WHAT IS NEEDED: Give again, exactly as written, the lines of the records below from the line with "Replacement Hose for" to the line with "WB-penna Artline 519 sned blå". Both end lines count; pictures do not.

RECORD EXCERPTS:
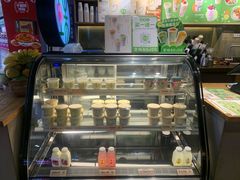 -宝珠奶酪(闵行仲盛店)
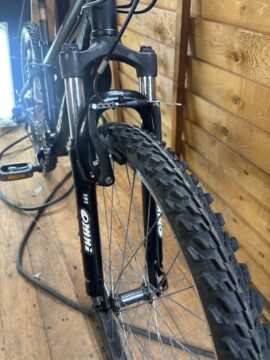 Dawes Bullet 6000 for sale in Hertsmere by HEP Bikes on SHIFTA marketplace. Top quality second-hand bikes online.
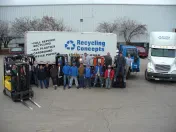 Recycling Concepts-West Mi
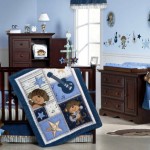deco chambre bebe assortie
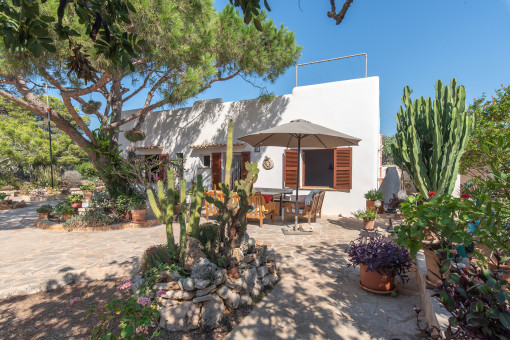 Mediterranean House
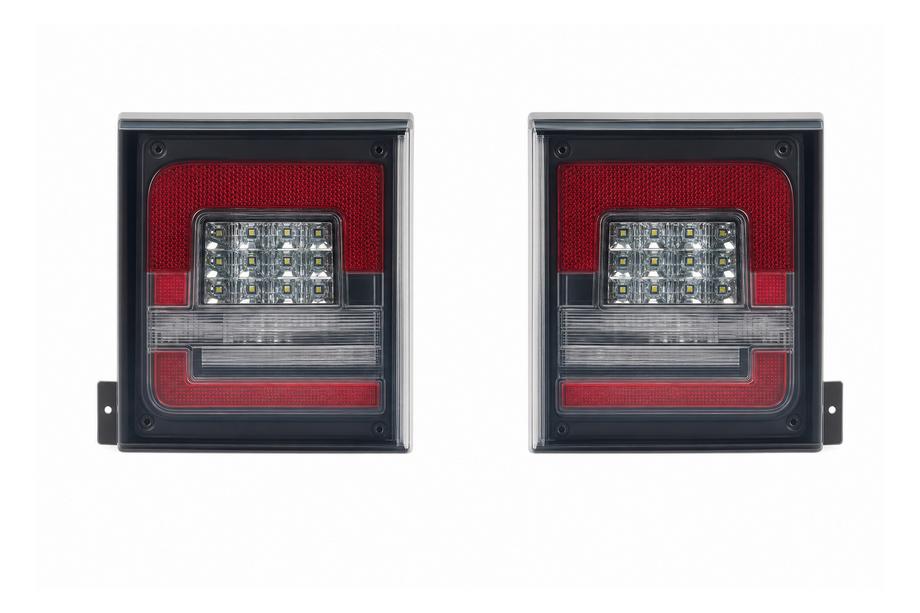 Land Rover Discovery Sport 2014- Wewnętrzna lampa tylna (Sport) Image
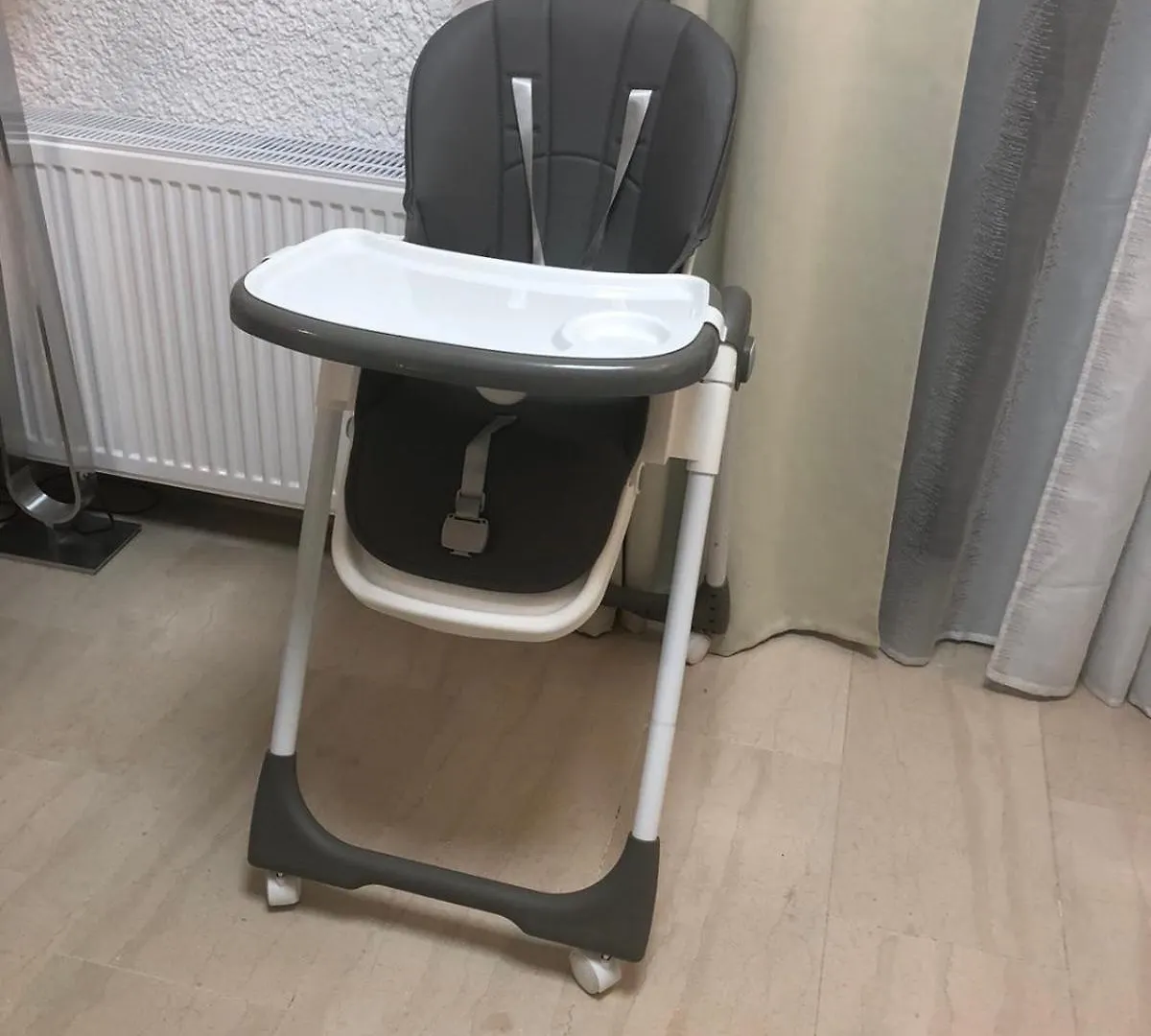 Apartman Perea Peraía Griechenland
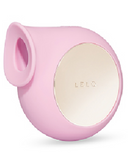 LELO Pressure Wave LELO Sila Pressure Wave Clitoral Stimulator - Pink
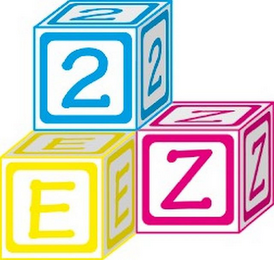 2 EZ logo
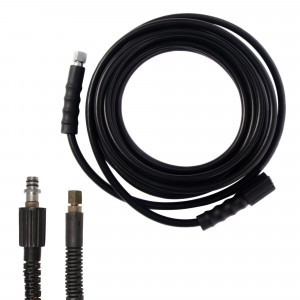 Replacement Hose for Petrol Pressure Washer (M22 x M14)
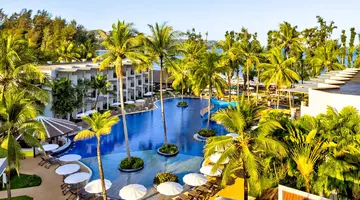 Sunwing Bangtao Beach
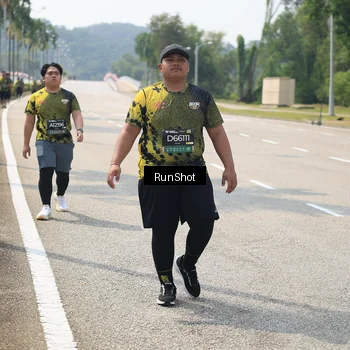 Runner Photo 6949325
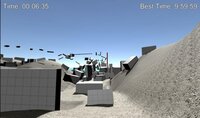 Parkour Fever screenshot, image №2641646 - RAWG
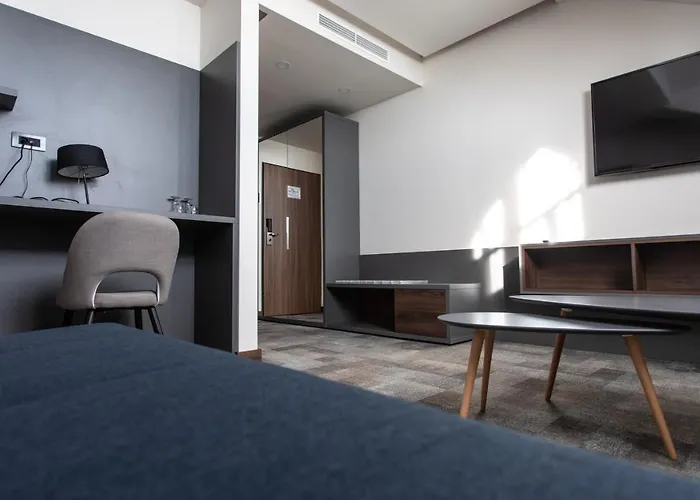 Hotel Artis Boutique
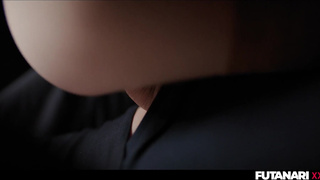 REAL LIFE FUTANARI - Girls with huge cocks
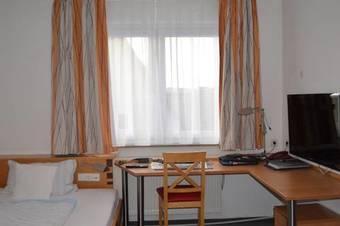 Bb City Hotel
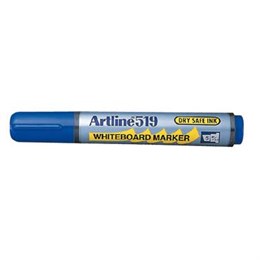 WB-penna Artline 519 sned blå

* * *

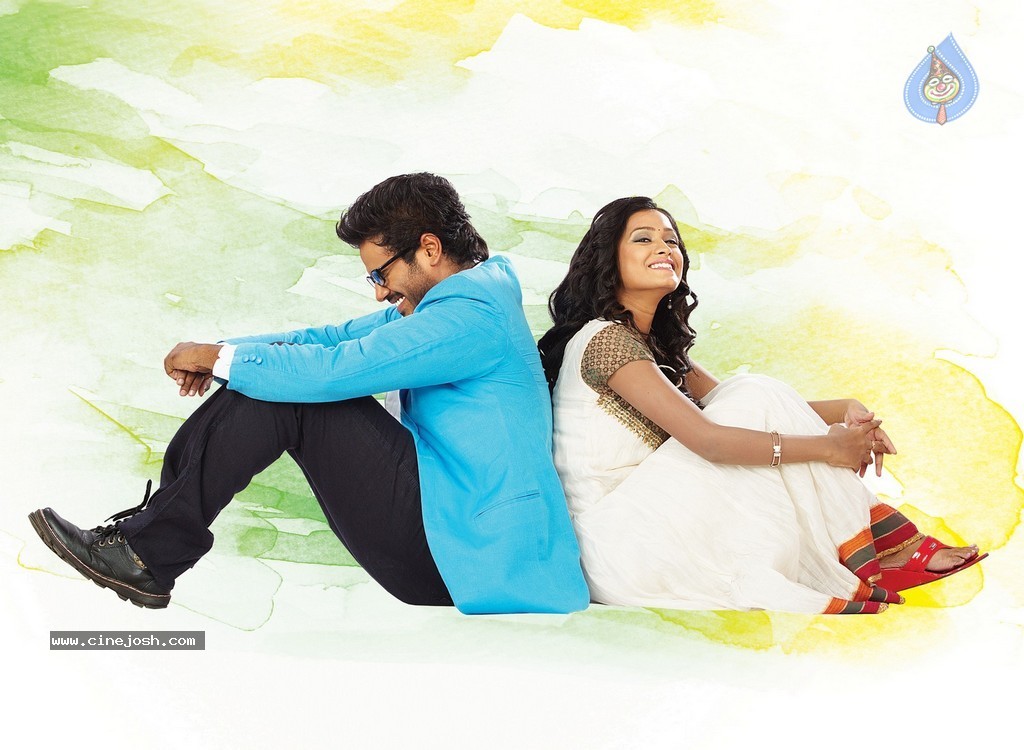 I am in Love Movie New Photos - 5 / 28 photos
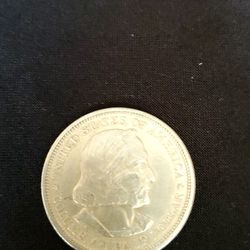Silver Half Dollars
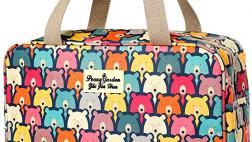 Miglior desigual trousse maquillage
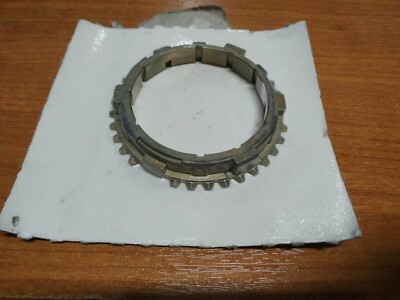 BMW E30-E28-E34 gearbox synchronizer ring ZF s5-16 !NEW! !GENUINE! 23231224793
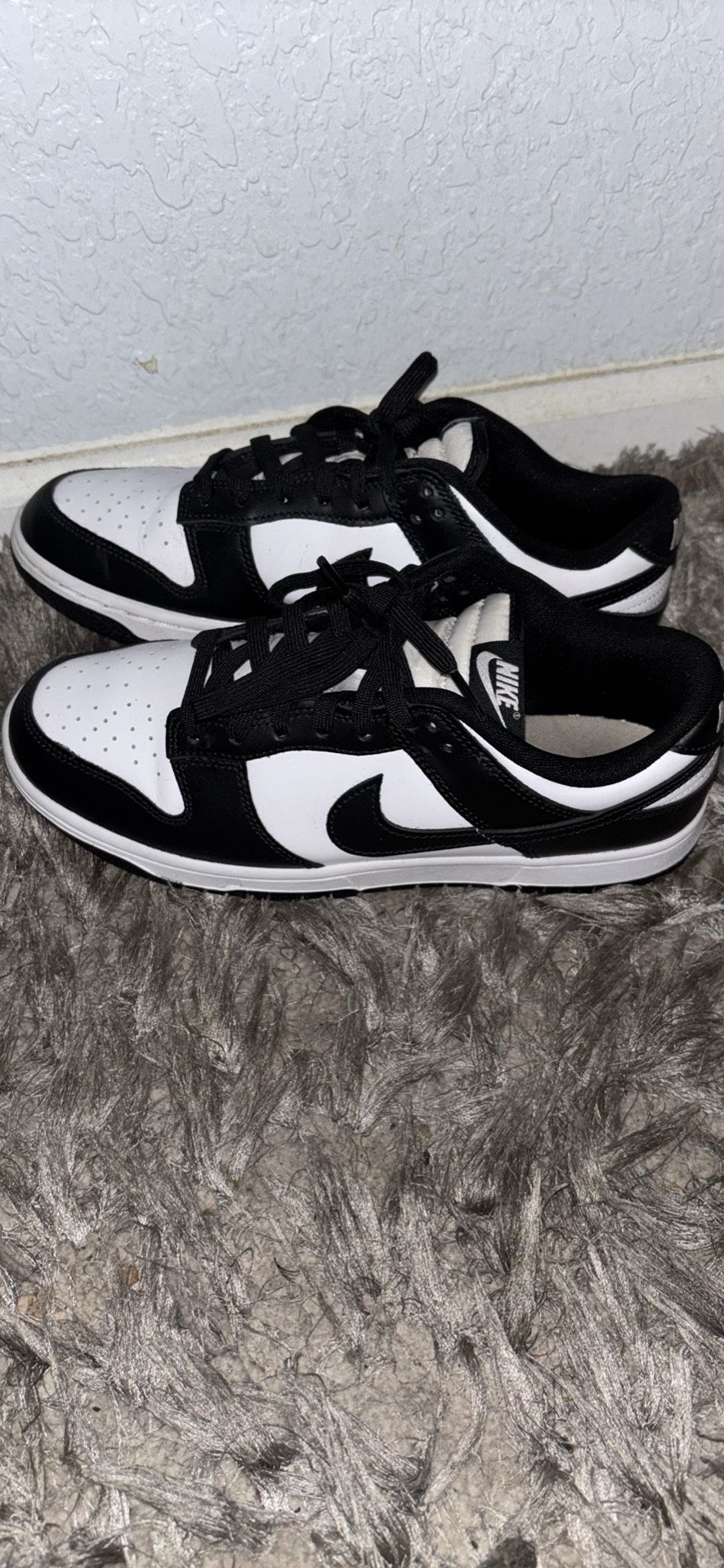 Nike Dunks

FINISHED EXERCISE:
 Replacement Hose for Petrol Pressure Washer (M22 x M14)
 Sunwing Bangtao Beach
 Runner Photo 6949325
 Parkour Fever screenshot, image №2641646 - RAWG
 Hotel Artis Boutique
 REAL LIFE FUTANARI - Girls with huge cocks
 Bb City Hotel
 WB-penna Artline 519 sned blå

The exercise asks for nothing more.